| EXERCISE |
In the records below, repeat exactly the lines between the line holding "Multi-level façade with" and the line holding "TikTok ban message", inclusive, and drop the pictures.

| LISTED RECORDS |
↓↓↓

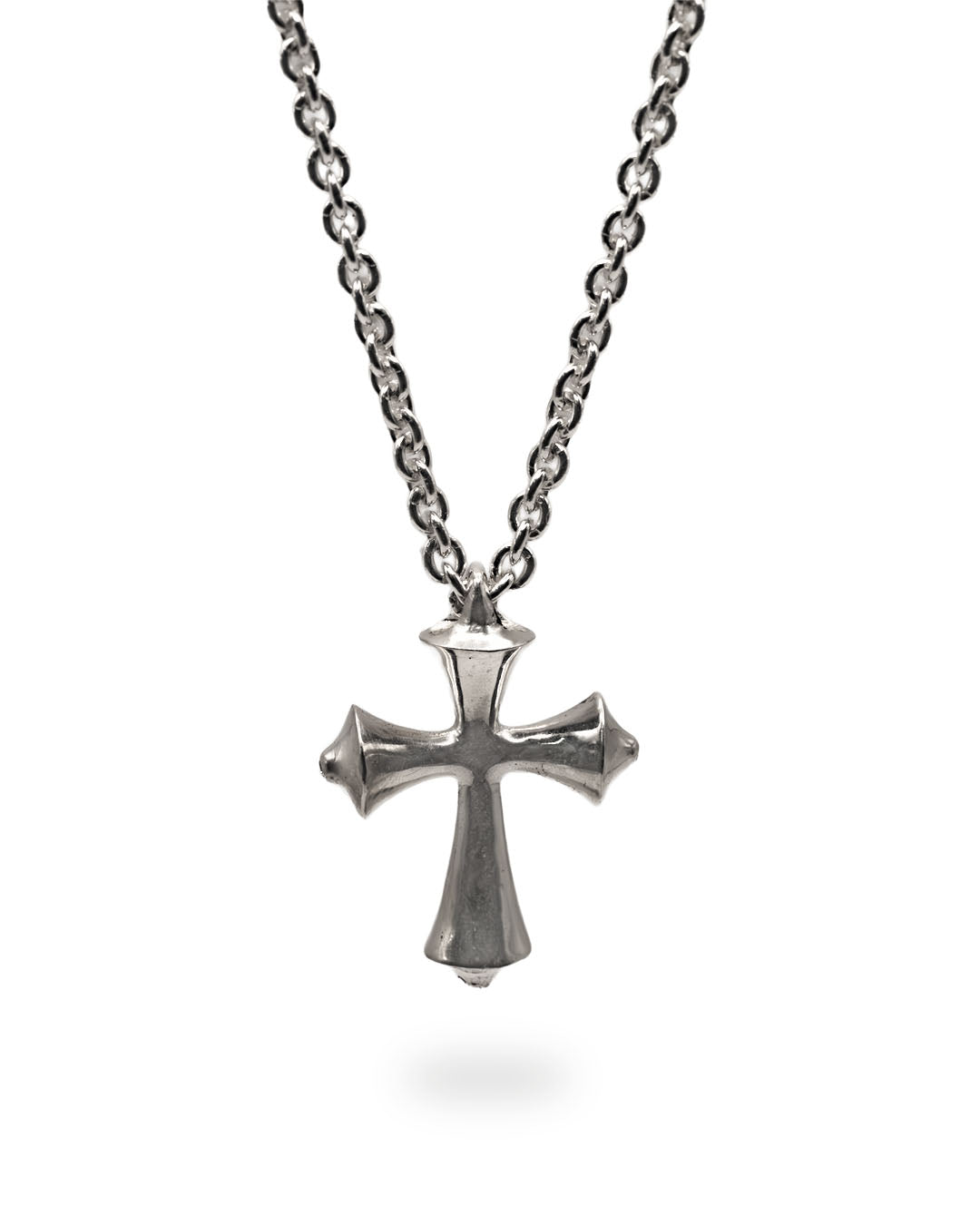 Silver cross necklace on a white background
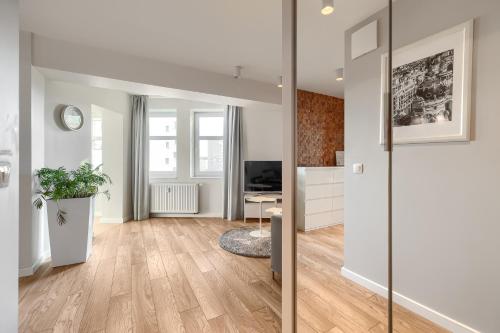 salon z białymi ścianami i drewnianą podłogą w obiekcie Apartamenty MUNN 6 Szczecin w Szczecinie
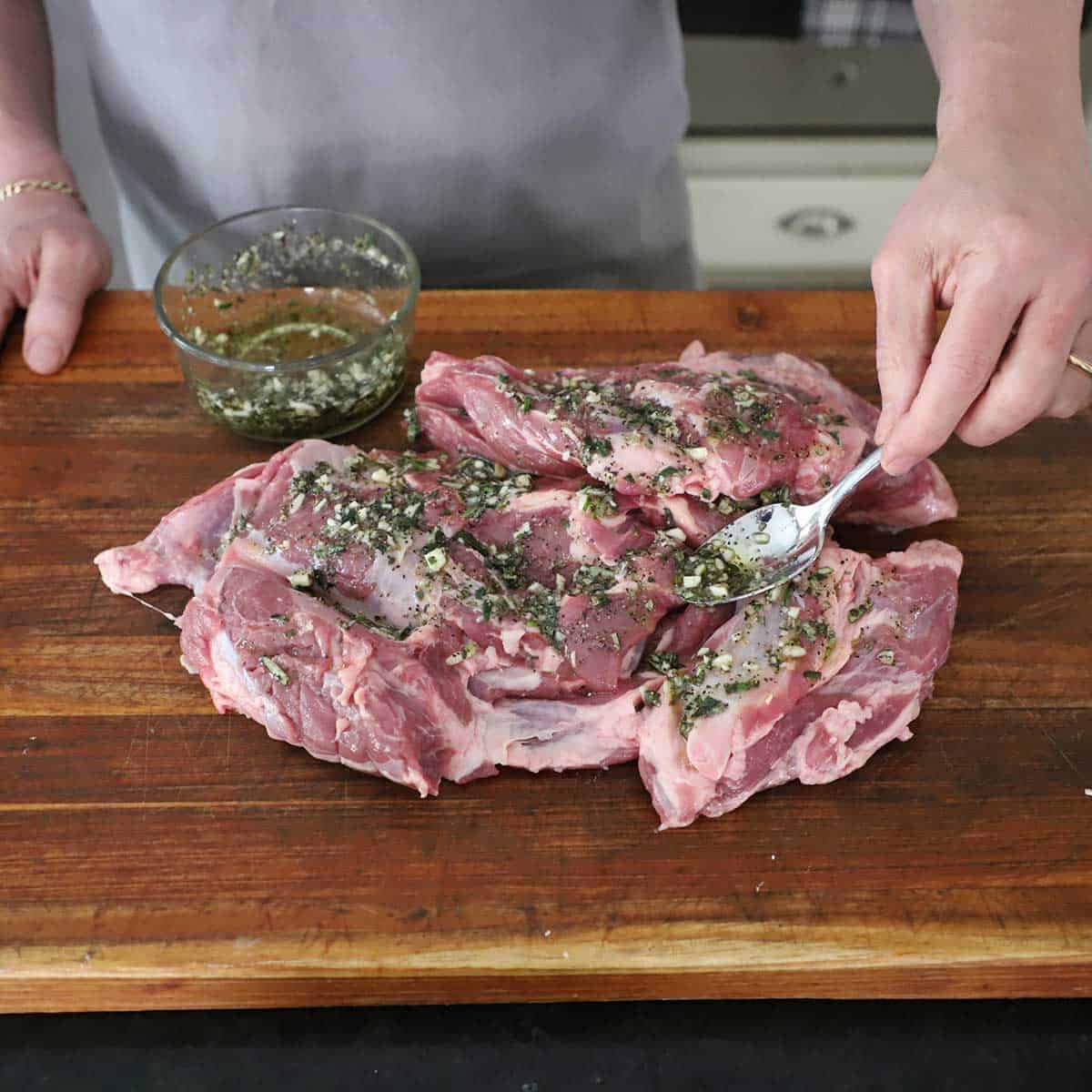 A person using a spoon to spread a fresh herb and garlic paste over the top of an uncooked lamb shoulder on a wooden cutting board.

↑↑↑
↓↓↓

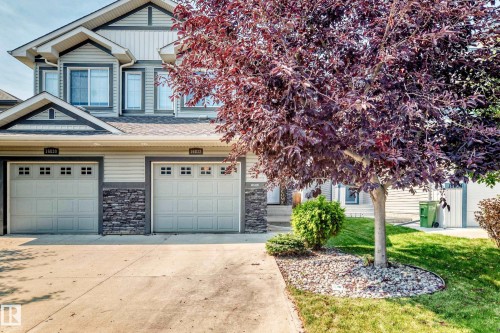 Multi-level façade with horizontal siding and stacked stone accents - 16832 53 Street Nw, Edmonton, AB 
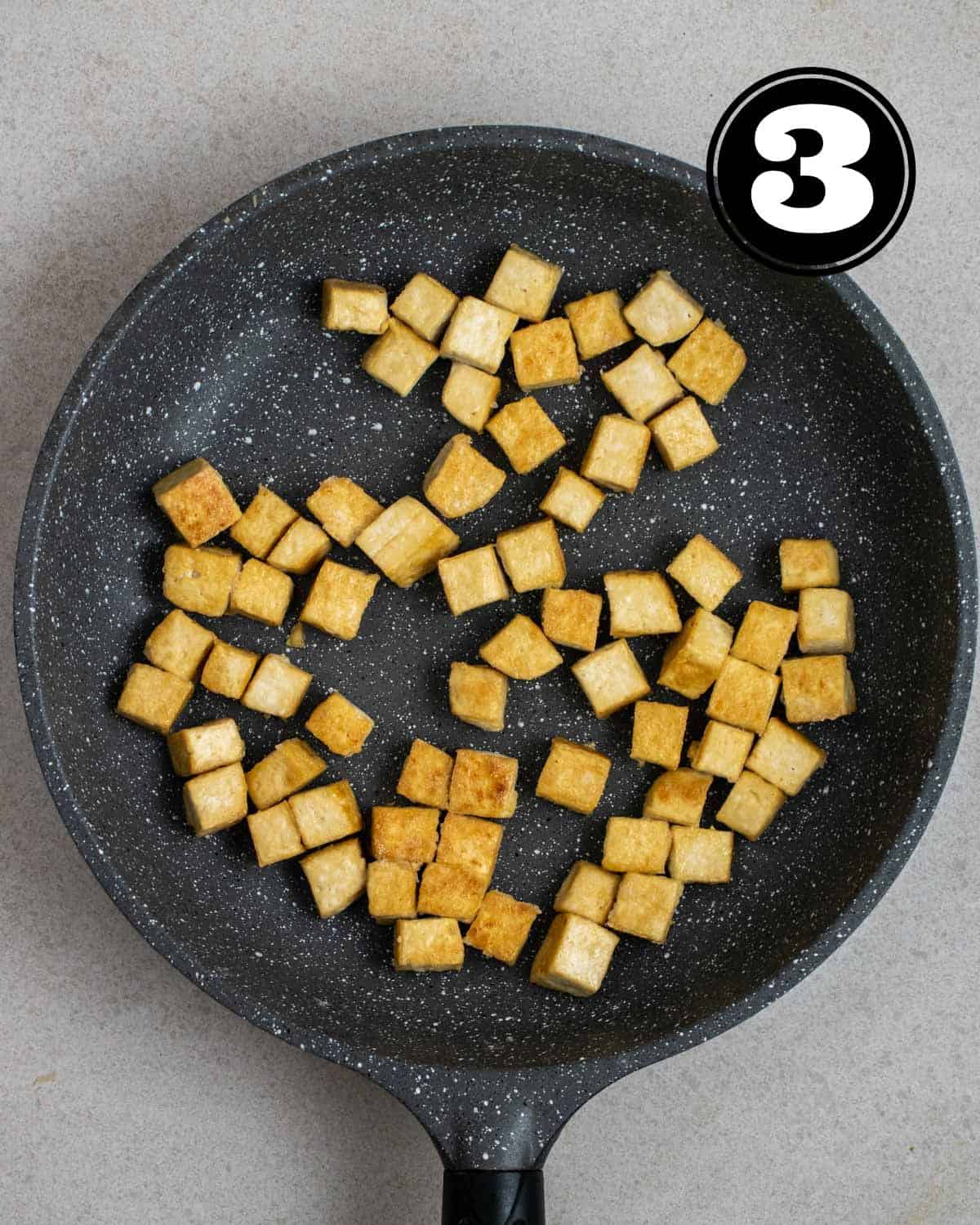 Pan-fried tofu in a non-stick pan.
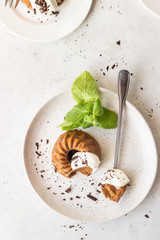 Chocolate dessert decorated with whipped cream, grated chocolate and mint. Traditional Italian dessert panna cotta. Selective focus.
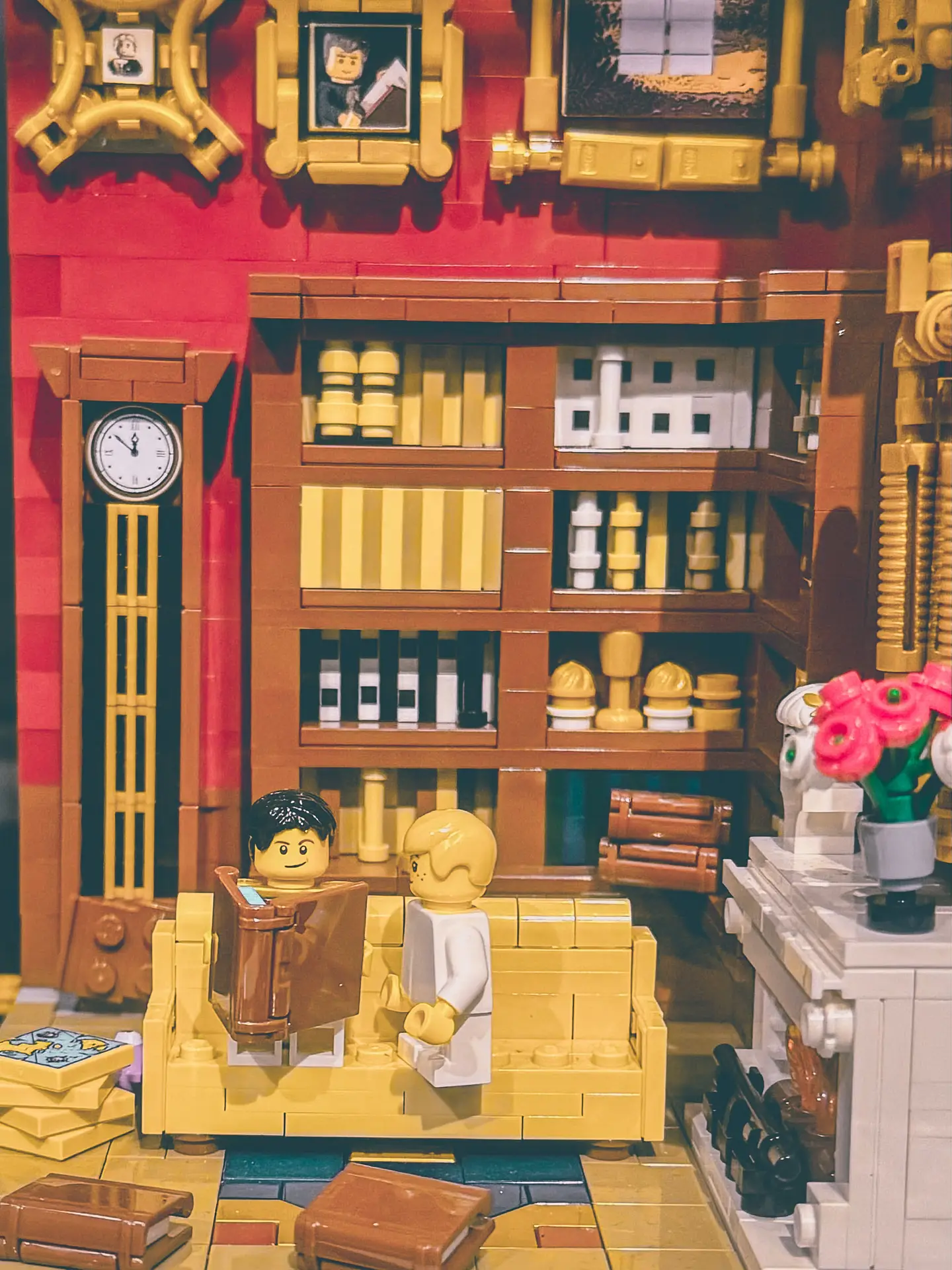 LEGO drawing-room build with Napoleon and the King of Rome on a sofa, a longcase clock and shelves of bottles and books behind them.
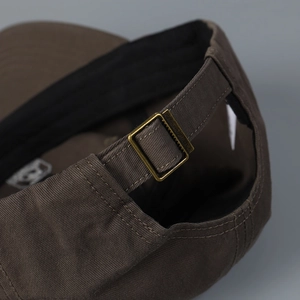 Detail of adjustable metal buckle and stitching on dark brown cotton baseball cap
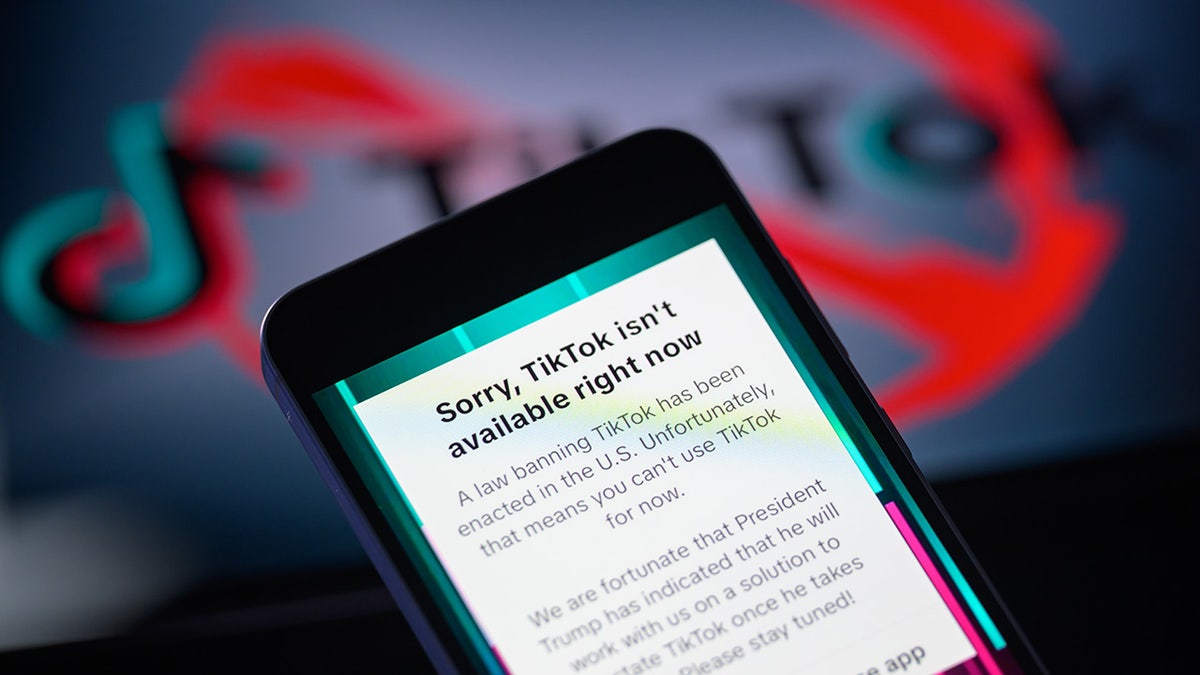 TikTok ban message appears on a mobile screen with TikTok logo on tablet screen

↑↑↑
↓↓↓

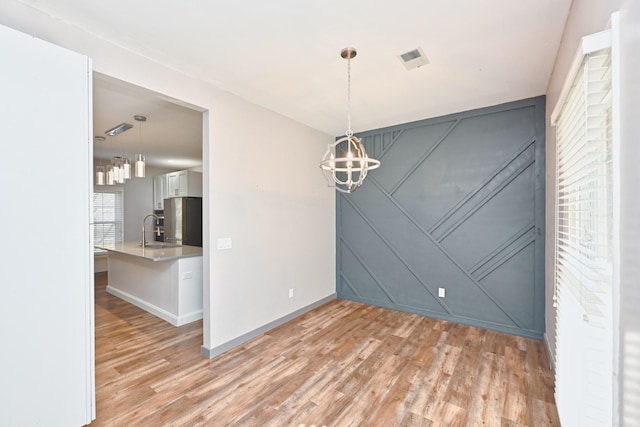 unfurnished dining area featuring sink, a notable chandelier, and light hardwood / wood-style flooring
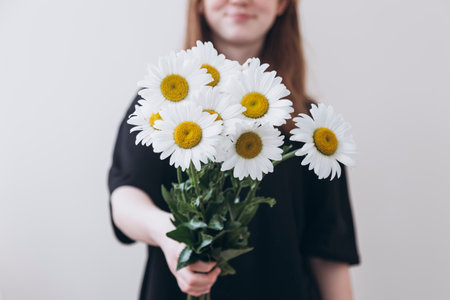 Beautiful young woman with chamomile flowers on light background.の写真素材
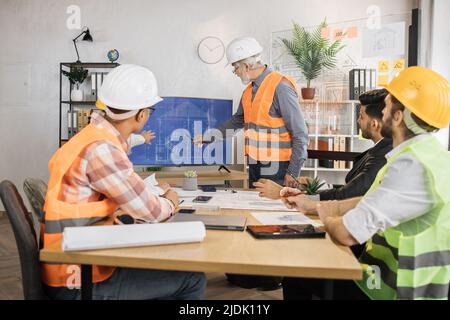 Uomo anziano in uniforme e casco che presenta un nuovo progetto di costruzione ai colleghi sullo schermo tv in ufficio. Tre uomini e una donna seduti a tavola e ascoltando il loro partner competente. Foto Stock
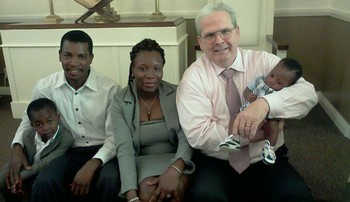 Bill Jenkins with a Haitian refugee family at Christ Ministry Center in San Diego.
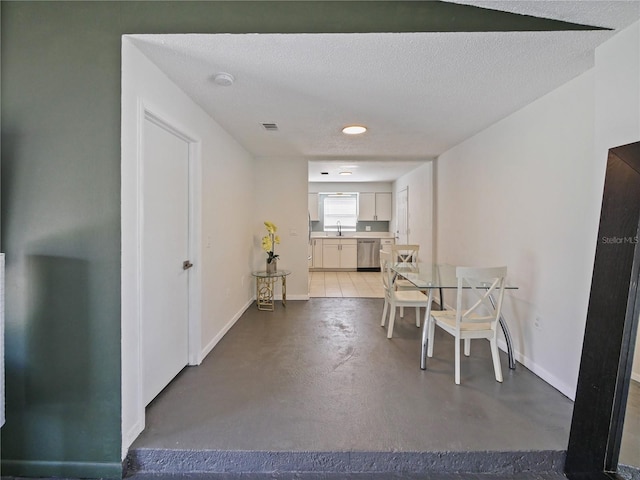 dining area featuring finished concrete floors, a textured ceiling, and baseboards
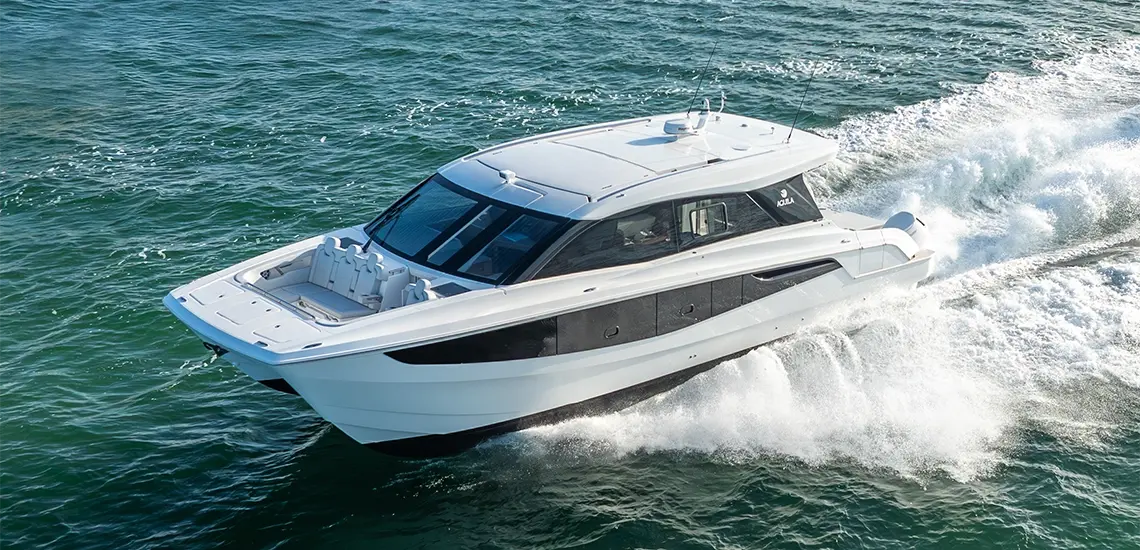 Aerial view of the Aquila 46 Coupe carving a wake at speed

↑↑↑

| OUTPUT OF THE EXERCISE |
 Multi-level façade with horizontal siding and stacked stone accents - 16832 53 Street Nw, Edmonton, AB 
 Pan-fried tofu in a non-stick pan.
 Chocolate dessert decorated with whipped cream, grated chocolate and mint. Traditional Italian dessert panna cotta. Selective focus.
 LEGO drawing-room build with Napoleon and the King of Rome on a sofa, a longcase clock and shelves of bottles and books behind them.
 Detail of adjustable metal buckle and stitching on dark brown cotton baseball cap
 TikTok ban message appears on a mobile screen with TikTok logo on tablet screen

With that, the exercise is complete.